Authors: Eric Brown
She came straight to the point. “Khalid, I’ve been giving due consideration to our little talk the other day. I’ve been reading my Buddhism... and under the circumstances I think it would be in Davey’s best possible interests if he were implanted.”
I refrained from punching the air in triumph, but I could feel myself grinning idiotically. “That’s good news, Mrs. Emmett.”
“Davey’s at home with me at the moment,” she said. “But he’s taken a turn for the worse and he’s due to be admitted into Bradley General tomorrow.”
“I’ll arrange for him to come straight to the implant ward,” I told her.
She hesitated. “Would I... That is, could I be present when Davey is implanted?”
“By all means. I’ll arrange everything and see you tomorrow.”
“Thank you very much for your help, Khalid.”
I smiled and cut the connection.
The following afternoon I ushered Mrs. Emmett and Davey into my surgery and explained the implantation procedure. Davey sat clutching a stamp album, oblivious that we were discussing his future.
Mrs. Emmett was surprised that the operation would be over so quickly. “I thought it would be performed under general anaesthetic,” she said.
I smiled. “No, local. It takes about ten minutes. I simply make an incision in the skin of the temple and insert the implant. I seal the wound, and the implant does the rest. It releases nano-machines into the subject’s body, which monitor the metabolism. When the subject ‘dies’, the implant takes over and revives the system.”
Mrs. Emmett was shaking her head. “And then, when Davey is returned, he can make his decision as to whether or not he wishes to retain the implant?”
I nodded. “That’s right. Now, if you’d care to step this way.”
Davey proved to be a docile patient. A nurse administered a sedative and a local anaesthetic, and while Davey lay on the couch with his head turned to the left, I made the slit in his right temple, eased the implant home, and sealed the wound.
Mrs. Emmett perched on a stool, watching intently.
I looked up and smiled. “There, done.”
“Quite amazing, Khalid.”
While Davey was drinking a cup of sugary tea, Mrs. Emmett confided her concerns to me. “It will be a very strange experience, Khalid, when Davey returns, to see him as he might have been if not for...” She smiled, sadly. “You see, so much of my life has been taken up with his welfare. I retired early in order to keep him with me. I could have sent him to a care home, but after my husband died... well, Davey was all I had.”
She fell silent, her gaze distant, perhaps considering how her life might have worked out had it not been for Davey’s handicap.
I realised, then, that Davey’s return would be at once a cause for celebration and, for Mrs. Emmett, much soul-searching.
Once Davey was implanted, he was spared the treatment he would have undergone for his condition. A month after his implant, he was admitted to Bradley General where he died peacefully. Richard Lincoln, accompanied by Mrs. Emmett and myself, drove the body up to the Onward Station. There was a small, secular ceremony of leave-taking, and then Davey was beamed aboard the orbiting Kéthani starship. I drove Mrs. Emmett home, promising to accompany her to the ceremony that would greet Davey’s return to Earth in six months’ time.
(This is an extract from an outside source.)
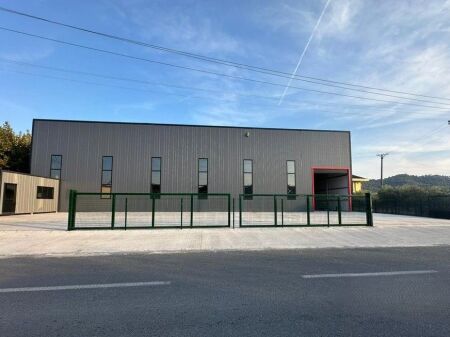 MAGAZZINO IN AFFITTO SULL'ASSE VORE - MARIKAJ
That year, winter hung on well into April. There was a late fall of snow at Easter, transforming the land with its total and pristine beauty. Life proceeded as normal, a round of work and Tuesday night sessions at the Fleece. They were the highlight of the week, a few hours of relaxation among good friends.
I saw Zara once in Bradley, and that was painful. She was walking arm in arm with her new husband, on the opposite side of the street. They didn’t see me, for which I was thankful. The sight of her, tall and beautiful and seemingly happy, released a slew of painful memories. I went over and over our final days together, and Zara’s accusations. I was a bastard, she had said, a domineering, selfish, bigoted, sexist bastard.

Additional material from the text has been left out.